English actor Harry Wilson is one of the Mafia goons. He called himself “The World’s Ugliest Man,” and he’s certainly distinctive. He was a character actor who worked a ton of uncredited roles throughout his career. I think I saw him relatively recently in Frankenstein’s Daughter, where he plays Frankenstein’s monster. While he plays a character only identified by his role (“Thug”), he has quite a few lines. He’s the most important unimportant character in the movie.
You can’t have a movie about jazz musicians without having a few musical numbers. Marilyn is supposed to be a ukulele player, but she’s entirely unconvincing for the brief moment she mimes strumming the instrument. Her performance of the jazz standard “I Wanna Be Loved By You,” on the other hand, is iconic. The song is no anachronism; it was released in 1928 and was a huge hit for Helen Kane, “Boop-oop-de-oop” and all. It’s a perfect song for Sugar Kane, and song is arguably more closely associated with Marilyn than it is Helen.
Some Like It Hot did not seek (and did not get) certification from the Motion Picture Production Code (“Hays Code”). The Code would have absolutely forbidden the cross-dressing. They may have had a lot of complaints about how much alcohol is swished around, and how much unpunished criminality there is. They’d probably have been bothered by how fast the double-entendres come. This is a story that could not be told under code guidelines, so the studio bypassed them. The entire plot was verboten.
I also suspect the Code would have had something to say about Marilyn Monroe’s costumes. Even though most of them are high-necked, Monroe always seems on the verge of falling out of her dresses.
Here’s the thing: the Production Code was not mandatory, nor was it federal law. The Code was the industry’s self-censorship, intended to avoid federal action in the 1930s. What enforced the code was that you couldn’t get into major theaters without approval. But Some Like It Hot had enormous star power… and it was very, very good. Theaters booked it anyway. It was a significant blow to the Code, which was already starting to show some chinks in its armor.

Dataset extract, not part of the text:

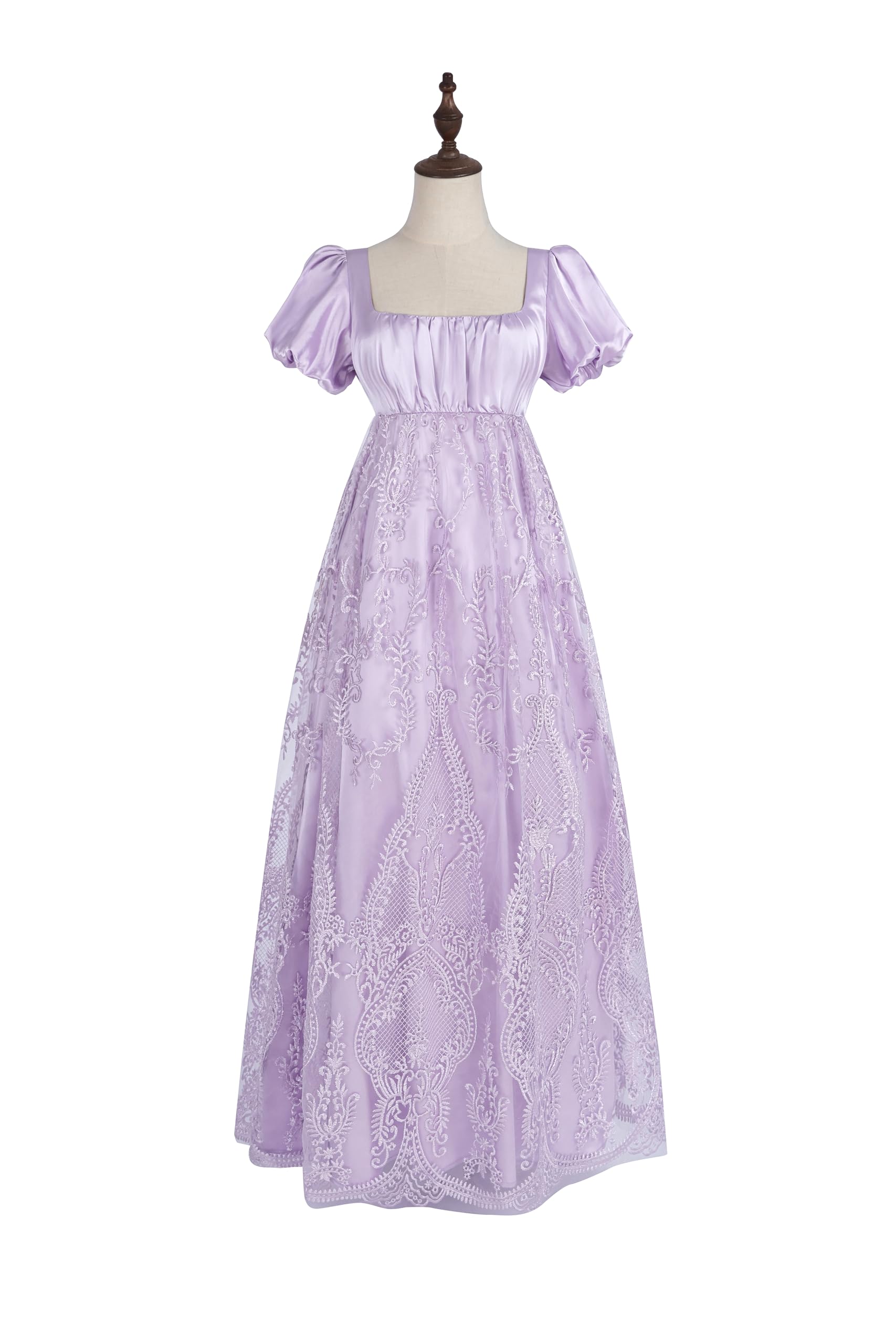Abito da donna Regency con maniche a sbuffo, stile impero, vintage vittoriano, con ricamo a rete, abito da tè con guanti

As far as modern gender politics are concerned, it’s not my place to comment on whether or not Lemon and Curtis’s performances have become generally offensive. They certainly ruffled conservative feathers at the time. Some Like it Hot reflects gender norms of both the era in which it is set and in which it was filmed, but it does not do so without comment.

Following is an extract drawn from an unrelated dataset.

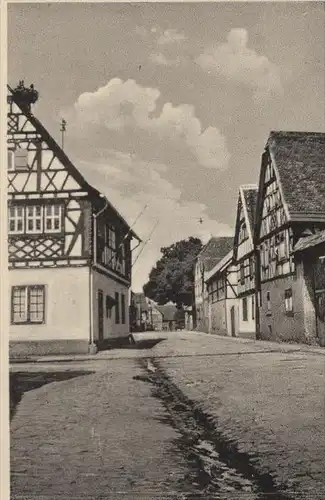 ALTE POSTKARTE BÜTTELBORN RATHAUS STORCHENNEST Storch stork's nest Störche nid de cigogne Ansichtskarte AK postcard cpa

Furthermore, the un-apologetic gold-digging of the female (identifying) characters might seem like an offensive stereotype, but it was a necessary survival tactic in a time where women were not allowed to apply for loans or credit cards. Women were not allowed to get credit cards or open a bank account on their own until the passage of the Equal Credit Opportunity Act in 1974.
A new adaptation of Some Like It Hot is currently on Broadway. Jerry’s role is played by non-binary actor J. Harrison Ghee. Ghee won a Tony for this performance in 2023, making them one of the first two openly non-binary actors to win a Tony. (The other, Alex Newell, won in 2023 for their role in Shucked.)
The first time I watched this movie it was a blu ray release; the copy I watched this time was the 4K release from Kino Lorber. It is astonishing to me how great this sixty-five year old movie looks. If you think 4K is only for new movies, this might be one to change your mind.